Influenced by guitar great Merle Travis and Ernest Tubb's Texas Troubadour's band member Billy Byrd, Wootton replaced Luther Perkins in Cash's band in 1968, shortly after Perkins perished in a house fire. One of eight children born in Red Branch, Arkansas, to coal miner Rubin C. Wootton and his wife, Noma Lucilla Moore Wootton, the youngster learned to play guitar from his father, who also played mandolin. The family moved to Taft, California in 1950, a short distance from Bakersfield. In 1956, after hearing Cash's "I Walk the Line," he taught himself to mimic Perkins' distinctive playing on that early country-pop crossover hit. The family moved to Tulsa, Oklahoma in 1958. After Wootton graduated from high school in 1961, he joined the Army, where he served in Korea and continued to play music, forming a band called Johnny and the Ramrods with his fellow soldiers. Upon his return to Tulsa, where he worked as truck driver and bartender, he saw Cash perform live at the legendary Cai n's Ballroom in 1966.

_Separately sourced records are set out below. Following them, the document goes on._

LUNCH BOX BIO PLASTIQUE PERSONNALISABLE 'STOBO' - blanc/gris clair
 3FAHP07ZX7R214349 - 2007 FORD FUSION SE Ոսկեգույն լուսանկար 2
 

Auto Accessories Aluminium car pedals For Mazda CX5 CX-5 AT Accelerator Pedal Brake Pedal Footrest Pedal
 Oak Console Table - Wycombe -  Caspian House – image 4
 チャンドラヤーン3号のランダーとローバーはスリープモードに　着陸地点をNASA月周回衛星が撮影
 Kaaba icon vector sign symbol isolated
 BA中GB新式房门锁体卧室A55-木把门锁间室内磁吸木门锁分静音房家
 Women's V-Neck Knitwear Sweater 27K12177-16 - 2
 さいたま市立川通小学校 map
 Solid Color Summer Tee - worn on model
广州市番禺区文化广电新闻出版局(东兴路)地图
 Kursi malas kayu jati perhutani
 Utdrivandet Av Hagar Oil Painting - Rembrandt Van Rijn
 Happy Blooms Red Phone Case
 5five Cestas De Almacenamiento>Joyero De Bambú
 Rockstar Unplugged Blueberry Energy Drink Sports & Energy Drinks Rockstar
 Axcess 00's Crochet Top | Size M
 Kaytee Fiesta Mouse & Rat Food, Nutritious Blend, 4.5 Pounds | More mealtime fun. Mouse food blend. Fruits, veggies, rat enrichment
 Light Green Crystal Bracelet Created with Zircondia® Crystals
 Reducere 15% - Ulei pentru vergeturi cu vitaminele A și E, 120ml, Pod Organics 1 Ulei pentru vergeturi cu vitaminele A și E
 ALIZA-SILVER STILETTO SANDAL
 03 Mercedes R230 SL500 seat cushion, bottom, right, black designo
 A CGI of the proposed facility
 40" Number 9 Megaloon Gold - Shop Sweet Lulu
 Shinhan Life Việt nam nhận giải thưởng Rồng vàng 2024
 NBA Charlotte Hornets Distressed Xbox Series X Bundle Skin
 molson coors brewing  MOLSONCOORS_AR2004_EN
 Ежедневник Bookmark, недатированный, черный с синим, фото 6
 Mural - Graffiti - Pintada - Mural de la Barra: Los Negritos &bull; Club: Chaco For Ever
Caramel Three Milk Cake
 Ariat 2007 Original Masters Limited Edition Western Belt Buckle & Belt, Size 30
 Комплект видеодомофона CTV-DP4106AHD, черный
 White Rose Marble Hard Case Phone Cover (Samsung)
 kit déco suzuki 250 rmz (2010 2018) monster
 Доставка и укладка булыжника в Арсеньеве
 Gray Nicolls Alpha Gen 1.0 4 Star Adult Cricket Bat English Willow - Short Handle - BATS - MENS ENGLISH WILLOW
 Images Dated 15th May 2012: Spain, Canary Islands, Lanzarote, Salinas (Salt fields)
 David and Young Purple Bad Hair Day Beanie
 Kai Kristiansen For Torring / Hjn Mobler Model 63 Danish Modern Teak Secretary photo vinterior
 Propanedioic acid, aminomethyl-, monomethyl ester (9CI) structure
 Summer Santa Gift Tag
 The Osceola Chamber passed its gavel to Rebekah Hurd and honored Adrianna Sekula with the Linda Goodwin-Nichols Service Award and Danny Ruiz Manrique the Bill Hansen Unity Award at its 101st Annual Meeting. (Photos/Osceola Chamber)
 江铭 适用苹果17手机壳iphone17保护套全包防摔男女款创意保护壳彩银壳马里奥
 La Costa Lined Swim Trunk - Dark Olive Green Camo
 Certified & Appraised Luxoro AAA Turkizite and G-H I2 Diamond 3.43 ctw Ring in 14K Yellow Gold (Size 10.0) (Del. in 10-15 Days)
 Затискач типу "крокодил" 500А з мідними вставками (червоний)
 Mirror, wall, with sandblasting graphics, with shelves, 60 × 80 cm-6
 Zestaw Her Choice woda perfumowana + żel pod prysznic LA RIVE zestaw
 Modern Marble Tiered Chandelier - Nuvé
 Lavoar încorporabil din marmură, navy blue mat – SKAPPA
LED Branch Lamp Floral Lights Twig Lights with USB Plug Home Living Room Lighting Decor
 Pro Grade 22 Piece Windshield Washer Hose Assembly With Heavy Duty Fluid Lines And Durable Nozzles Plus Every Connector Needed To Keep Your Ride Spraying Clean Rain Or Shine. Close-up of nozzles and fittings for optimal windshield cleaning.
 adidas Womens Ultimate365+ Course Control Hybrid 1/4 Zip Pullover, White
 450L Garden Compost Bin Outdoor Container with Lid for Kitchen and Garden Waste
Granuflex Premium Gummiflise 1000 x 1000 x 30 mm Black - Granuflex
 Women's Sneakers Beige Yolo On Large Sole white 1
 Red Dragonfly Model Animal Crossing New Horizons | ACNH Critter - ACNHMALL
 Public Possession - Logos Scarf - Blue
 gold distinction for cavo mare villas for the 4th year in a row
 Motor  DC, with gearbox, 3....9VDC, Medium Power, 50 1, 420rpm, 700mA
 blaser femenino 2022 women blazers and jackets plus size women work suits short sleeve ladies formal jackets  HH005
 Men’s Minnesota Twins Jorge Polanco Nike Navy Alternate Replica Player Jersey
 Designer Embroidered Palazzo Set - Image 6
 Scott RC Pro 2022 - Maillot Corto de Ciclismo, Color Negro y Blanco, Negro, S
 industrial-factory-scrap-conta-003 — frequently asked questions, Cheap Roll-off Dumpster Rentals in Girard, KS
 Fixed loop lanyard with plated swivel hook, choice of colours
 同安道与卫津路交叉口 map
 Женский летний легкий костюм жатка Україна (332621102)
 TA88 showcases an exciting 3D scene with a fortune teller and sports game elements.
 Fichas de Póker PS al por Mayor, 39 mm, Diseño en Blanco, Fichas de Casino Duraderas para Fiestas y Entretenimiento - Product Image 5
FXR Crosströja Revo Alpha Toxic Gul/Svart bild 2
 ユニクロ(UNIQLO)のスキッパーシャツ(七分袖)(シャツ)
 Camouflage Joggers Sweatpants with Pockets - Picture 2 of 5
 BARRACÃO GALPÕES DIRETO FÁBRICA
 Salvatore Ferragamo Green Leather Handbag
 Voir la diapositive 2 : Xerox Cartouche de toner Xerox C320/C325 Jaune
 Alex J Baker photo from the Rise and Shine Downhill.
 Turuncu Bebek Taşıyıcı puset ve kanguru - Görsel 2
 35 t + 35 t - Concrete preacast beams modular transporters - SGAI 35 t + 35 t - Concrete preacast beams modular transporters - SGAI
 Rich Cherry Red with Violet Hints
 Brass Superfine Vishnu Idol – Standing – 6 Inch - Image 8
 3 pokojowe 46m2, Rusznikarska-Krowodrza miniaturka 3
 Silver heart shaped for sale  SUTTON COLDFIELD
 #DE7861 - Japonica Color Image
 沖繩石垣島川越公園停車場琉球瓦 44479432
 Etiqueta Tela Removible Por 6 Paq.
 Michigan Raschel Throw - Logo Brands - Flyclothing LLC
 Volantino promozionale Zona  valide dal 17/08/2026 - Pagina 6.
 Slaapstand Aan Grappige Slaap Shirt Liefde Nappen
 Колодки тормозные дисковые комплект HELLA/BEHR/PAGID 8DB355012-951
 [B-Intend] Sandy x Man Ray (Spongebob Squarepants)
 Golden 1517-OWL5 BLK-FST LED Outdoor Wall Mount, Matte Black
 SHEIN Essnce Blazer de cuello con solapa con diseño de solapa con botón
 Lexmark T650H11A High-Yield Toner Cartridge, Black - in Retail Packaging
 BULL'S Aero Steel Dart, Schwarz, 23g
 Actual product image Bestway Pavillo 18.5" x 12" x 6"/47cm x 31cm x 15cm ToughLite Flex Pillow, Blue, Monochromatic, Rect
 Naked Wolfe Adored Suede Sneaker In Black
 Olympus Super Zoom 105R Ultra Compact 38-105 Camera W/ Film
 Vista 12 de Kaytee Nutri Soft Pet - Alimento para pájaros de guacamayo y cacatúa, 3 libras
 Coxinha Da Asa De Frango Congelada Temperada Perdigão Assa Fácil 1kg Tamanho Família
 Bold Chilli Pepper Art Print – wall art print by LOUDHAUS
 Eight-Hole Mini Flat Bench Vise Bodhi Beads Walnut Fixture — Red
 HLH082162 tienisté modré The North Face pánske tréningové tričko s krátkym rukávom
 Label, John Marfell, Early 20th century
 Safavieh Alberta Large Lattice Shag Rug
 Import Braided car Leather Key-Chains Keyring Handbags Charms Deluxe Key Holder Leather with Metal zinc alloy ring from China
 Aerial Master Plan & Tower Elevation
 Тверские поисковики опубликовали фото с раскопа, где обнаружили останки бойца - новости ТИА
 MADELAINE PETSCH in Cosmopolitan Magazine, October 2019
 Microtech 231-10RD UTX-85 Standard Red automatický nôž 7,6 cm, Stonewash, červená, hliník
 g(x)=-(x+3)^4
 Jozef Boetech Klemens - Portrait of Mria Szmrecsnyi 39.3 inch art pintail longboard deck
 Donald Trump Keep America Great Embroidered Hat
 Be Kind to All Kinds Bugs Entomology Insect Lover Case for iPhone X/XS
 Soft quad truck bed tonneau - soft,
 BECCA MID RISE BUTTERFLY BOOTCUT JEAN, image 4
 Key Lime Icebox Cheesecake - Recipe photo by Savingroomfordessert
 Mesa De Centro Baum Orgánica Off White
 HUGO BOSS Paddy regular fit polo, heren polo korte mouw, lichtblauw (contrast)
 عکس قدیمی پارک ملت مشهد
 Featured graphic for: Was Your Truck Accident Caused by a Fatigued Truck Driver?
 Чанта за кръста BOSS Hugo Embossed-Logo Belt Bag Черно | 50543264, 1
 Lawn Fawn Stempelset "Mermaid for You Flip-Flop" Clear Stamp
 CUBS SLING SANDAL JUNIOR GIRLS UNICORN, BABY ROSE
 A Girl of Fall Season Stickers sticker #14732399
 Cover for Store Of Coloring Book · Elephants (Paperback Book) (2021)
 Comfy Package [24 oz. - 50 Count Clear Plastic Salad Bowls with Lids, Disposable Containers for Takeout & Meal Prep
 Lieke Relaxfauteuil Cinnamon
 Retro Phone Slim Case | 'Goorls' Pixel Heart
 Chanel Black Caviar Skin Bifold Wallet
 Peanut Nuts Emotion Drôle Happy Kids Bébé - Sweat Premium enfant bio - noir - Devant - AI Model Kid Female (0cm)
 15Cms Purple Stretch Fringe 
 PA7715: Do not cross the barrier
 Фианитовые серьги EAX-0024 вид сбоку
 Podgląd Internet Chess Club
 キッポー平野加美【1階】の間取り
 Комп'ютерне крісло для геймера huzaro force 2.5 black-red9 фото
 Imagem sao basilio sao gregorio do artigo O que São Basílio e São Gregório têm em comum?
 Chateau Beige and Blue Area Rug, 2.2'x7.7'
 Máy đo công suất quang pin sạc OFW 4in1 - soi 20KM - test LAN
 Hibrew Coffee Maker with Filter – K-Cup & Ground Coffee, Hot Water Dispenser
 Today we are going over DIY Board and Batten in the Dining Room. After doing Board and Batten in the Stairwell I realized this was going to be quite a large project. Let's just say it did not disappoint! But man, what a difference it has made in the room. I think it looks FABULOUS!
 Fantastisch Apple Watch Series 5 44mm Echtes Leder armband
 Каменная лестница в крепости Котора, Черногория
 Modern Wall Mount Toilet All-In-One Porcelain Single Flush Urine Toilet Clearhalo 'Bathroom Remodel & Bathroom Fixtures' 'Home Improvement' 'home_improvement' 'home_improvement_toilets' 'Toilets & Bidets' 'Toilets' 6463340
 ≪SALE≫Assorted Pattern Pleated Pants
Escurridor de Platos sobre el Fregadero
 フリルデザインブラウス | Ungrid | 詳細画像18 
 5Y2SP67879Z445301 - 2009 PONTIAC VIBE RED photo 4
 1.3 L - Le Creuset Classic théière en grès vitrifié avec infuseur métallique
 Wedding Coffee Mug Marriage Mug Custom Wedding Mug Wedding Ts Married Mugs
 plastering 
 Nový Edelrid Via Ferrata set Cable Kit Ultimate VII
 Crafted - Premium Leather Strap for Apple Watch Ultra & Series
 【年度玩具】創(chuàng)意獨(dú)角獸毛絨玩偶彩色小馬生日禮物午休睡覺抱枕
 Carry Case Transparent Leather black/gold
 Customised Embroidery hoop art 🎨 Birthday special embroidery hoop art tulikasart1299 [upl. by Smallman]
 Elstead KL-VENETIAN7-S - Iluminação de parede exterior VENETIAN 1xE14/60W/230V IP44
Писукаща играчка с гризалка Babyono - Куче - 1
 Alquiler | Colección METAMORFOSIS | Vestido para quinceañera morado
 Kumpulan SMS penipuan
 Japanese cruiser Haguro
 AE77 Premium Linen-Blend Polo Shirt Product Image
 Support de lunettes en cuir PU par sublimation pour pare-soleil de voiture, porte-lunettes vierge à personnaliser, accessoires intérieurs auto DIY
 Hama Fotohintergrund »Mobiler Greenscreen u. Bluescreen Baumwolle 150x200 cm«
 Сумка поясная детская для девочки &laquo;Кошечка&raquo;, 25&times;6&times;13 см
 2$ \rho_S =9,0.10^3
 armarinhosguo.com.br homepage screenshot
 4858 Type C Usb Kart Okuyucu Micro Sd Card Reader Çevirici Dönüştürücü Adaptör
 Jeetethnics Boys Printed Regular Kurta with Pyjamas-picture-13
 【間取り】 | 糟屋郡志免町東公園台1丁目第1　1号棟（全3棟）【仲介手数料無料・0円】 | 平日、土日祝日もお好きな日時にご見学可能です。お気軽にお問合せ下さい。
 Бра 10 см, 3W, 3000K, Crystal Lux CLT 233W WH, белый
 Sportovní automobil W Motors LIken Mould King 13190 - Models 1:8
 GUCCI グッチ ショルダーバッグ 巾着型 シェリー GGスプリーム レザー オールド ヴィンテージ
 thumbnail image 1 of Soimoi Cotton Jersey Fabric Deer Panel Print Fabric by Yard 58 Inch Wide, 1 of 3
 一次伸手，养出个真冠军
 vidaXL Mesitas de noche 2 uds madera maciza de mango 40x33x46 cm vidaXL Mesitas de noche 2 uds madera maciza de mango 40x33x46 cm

A few weeks after Perkins' death, Wootton, unable to reach Cash by phone, traveled to Fayetteville, Arkansas, to see Cash perform. A rain storm left then-Cash band members, guitarist Carl Perkins and bassist Marshall Grant, unable to make the gig, so Wootton's girlfriend asked Cash's wife, June Carter Cash, if Wootton could sit in the singer and his drummer, where he wowed the entertainer with his guitar-playing ability. Cash then invited him to sit in at a show two days later and joined the tour on what was initially a probationary basis. He served in Cash's band until 1997, when the iconic performer retired from touring.
In addition to playing with Cash on Bob Dylan's influential Nashville Skyline album, Wootton was featured on the At San Quentin live album and was a weekly TV fixture on ABC's Johnny Cash Show. In 1970, with the show a ratings success, Wootton and the other two members of the Tennessee Three released The Sound Behind Johnny Cash, an LP of instrumental renditions of classic Cash tunes. Wootton was also employed as a stunt double for Cash in various film and television appearances. He married singer Anita Carter, the sister of June Carter Cash, in 1974, although the couple later divorced.
After Johnny Cash passed away in 2003, Wootton and Tennessee Three drummer W.S. "Fluke" Holland toured together, playing original Cash hits. He continued to perform and record on his own after 2008, and also with his wife, Vicky – whom he married in 1983 – and daughters Scarlett and Montana, all of whom survive him. His most recent album, Guaranteed Cash, performed with Minnesota-based band Six Mile Grove, was released in 2012. Wootton was inducted into the Rockabilly Hall of Fame in 2006.